ABOUT THIS EXERCISE
Apart from the images, repeat the data below exactly as written.
=== Section Start ===
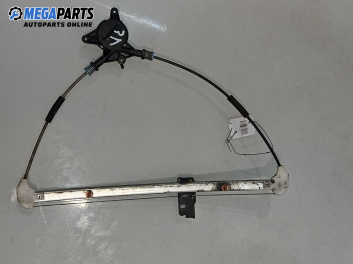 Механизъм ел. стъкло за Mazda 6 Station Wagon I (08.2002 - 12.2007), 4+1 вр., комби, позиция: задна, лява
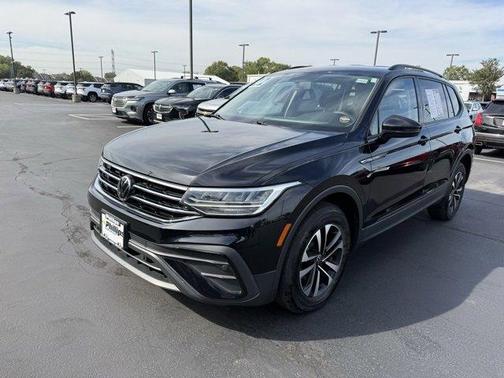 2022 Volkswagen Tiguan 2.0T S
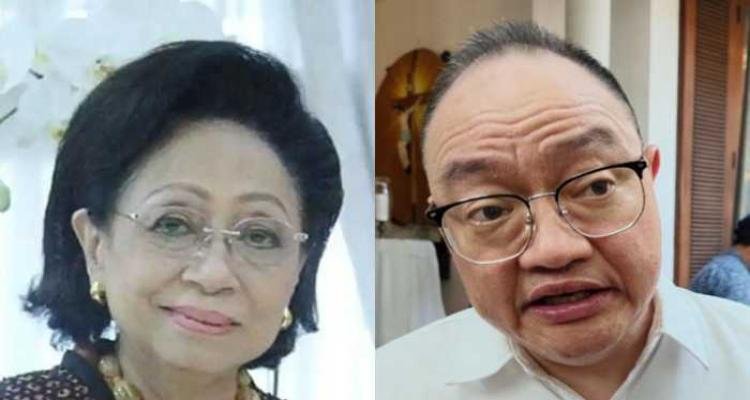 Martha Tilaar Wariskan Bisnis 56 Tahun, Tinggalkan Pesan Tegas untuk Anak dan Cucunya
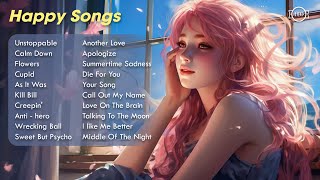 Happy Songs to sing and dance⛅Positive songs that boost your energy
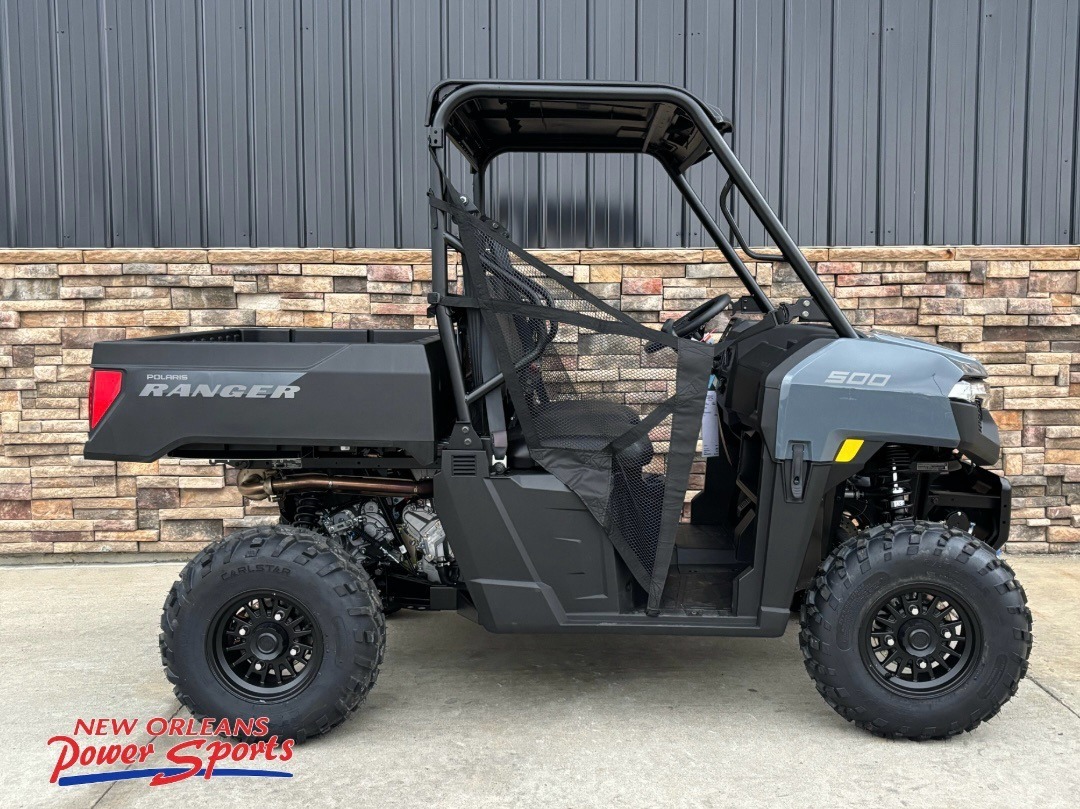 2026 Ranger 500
=== Section End ===
RESULT FOR THIS TASK
 Механизъм ел. стъкло за Mazda 6 Station Wagon I (08.2002 - 12.2007), 4+1 вр., комби, позиция: задна, лява
 2022 Volkswagen Tiguan 2.0T S
 Martha Tilaar Wariskan Bisnis 56 Tahun, Tinggalkan Pesan Tegas untuk Anak dan Cucunya
 Happy Songs to sing and dance⛅Positive songs that boost your energy
 2026 Ranger 500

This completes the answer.